神田 源隆
神田 源隆(81)
神田 源隆さん(81)
爆心地から3キロの元船町3丁目(当時)で被爆
=平戸市川内町=

私の被爆ノート

海に飛ばされ命拾い

2010年6月17日 掲載
神田 源隆
神田 源隆(81) 神田 源隆さん(81)
爆心地から3キロの元船町3丁目(当時)で被爆
=平戸市川内町=

当時16歳。平戸の中野国民学校を卒業後、福岡の海員養成所を経て日本郵船神戸支店の船員になっていた。
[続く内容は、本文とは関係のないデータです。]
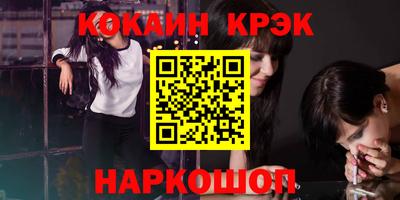 марихуана Татарск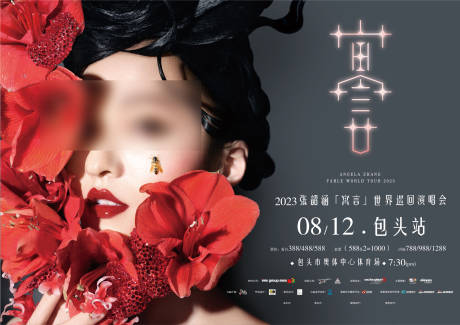 源文件下載【享設計】搜索編號：52610016336814509【超清晰人物演唱會海報展板】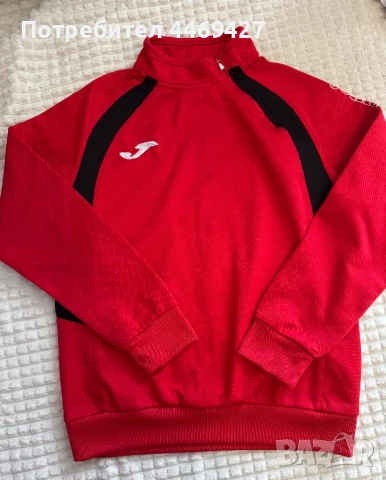 Детски суичер Joma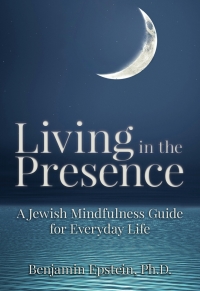 Omslagafbeelding: Living in the Presence 9789655242850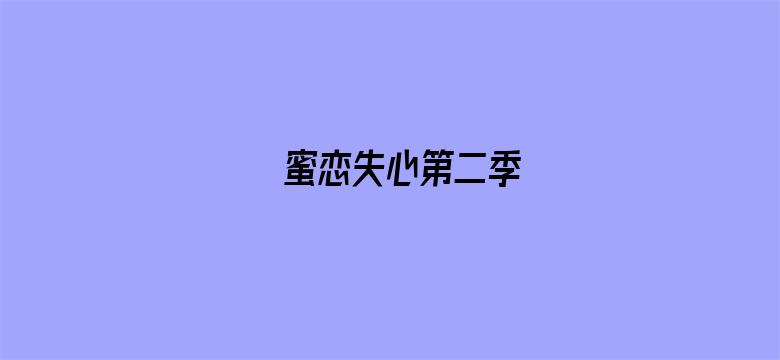 蜜恋失心第二季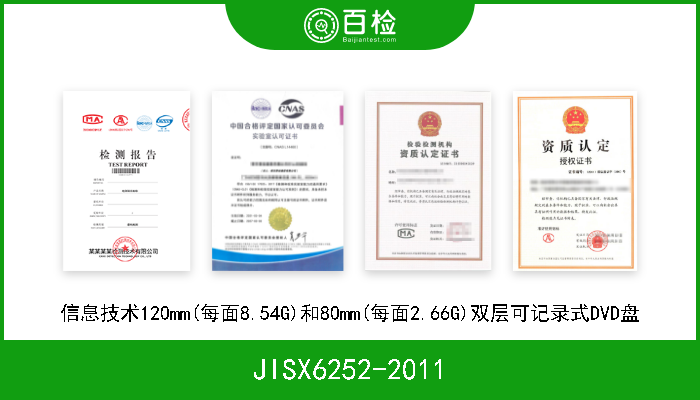 JISX6252-2011 信息技术120mm(每面8.54G)和80mm(每面2.66G)双层可记录式DVD盘 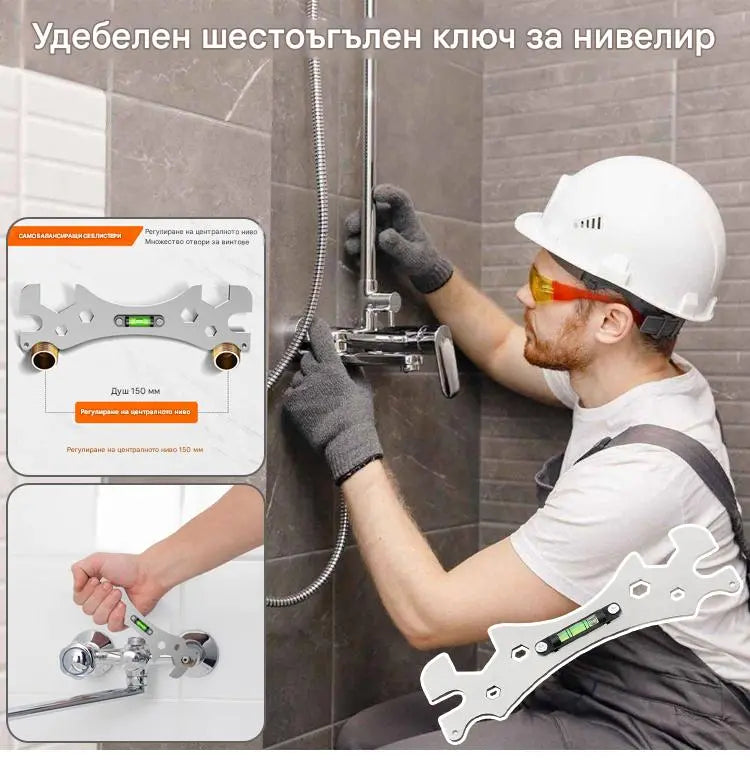 🔥【49% OFF】🔥🔩Višenamjenski ključ za kupaonicu, alat za ugradnju tuša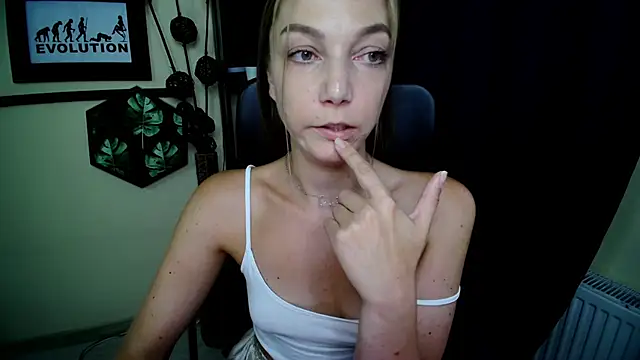 EmillyPlay webcam
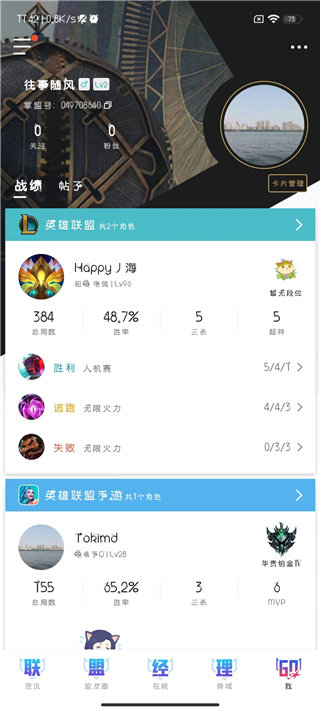 lol手机盒子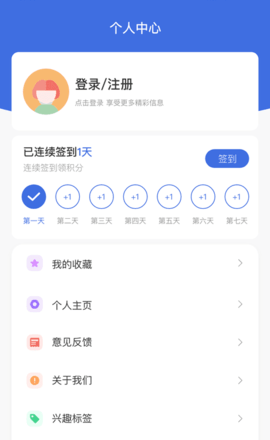 中小企助查 3.0.3 最新版 2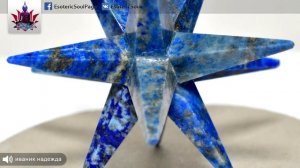 Фен-Шуй камней - Драгоценные камень Лазурит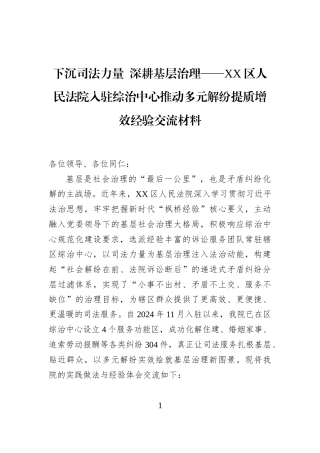 下沉司法力量+深耕基层治理——XX区人民法院入驻综治中心推动多元解纷提质增效经验交流材料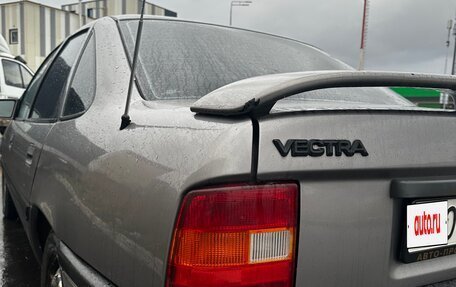 Opel Vectra A, 1990 год, 170 000 рублей, 5 фотография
兵員輸送用に建造されていた「鶴岡丸」受け取りのため、しばらく長崎市万屋町の旅館に滞在していた。あの日は暑い朝だった。建造先の三菱重工長崎造船所に向かうため、元船町の浮桟橋まで歩いてきていた。

桟橋近くには同僚3人のほか、知り合いの荷揚げ作業員がいたのを覚えている。私は半袖に長ズボン、作業員は上半身裸で仕事をしていた。

迎えの船を待とうと、桟橋に腰掛けた時だった。赤黒い閃光(せんこう)が走り、浦上方面が真っ黒に煙っているのが目に入った。驚いて5、6歩走ったところで爆風に見舞われ、海に飛ばされた。

数十秒は海中にいただろうか。必死に桟橋まで泳ぎ戻ったが、同僚や作業員の姿は消えていた。身に着けていた腕時計の針は、(原爆投下時刻から1分後の)11時3分を指して止まっていた。浦上方面に向いていた右腕や顔は大やけどを負った。海中にいたため、熱風を吸い込まなかったのが命拾いにつながったと思っている。

旅館に戻る途中、立ち寄った防空壕(ごう)の中で、作業員を見つけた。腰から上が焼けただれ、うめき声を上げて転げまわっていた。旅館は屋根が飛ばされていたため、5日間ほど風頭山の墓地で過ごし、担架で救護所になっていた長崎高商(現在の長崎大経済学部)の講堂に運ばれた。

むしろを敷いた講堂には負傷者が並べられ、次々と息を引き取った。講堂にいた40日間で隣の7人が死亡。窓の外には、火葬される煙が幾筋も見えた。

平戸の実家に戻ると、焼け焦げた顔に最初は家族も戸惑ったが、名前を告げると泣いて喜んでくれた。今も夏になるたび、ケロイドになった腕がうずくが、生きていてよかったと実感している。
<私の願い>
絶対に戦争を起こしてはいけない。外交や宗教の力で、争いが起きないよう解決するべきだ。しかし、現在の日本も多くの自殺者や交通事故死亡者がおり、決して平和とは言えないだろう。「人を殺してはいけない」「授かった命を大切にする」という道徳教育を全国で推し進めてほしい。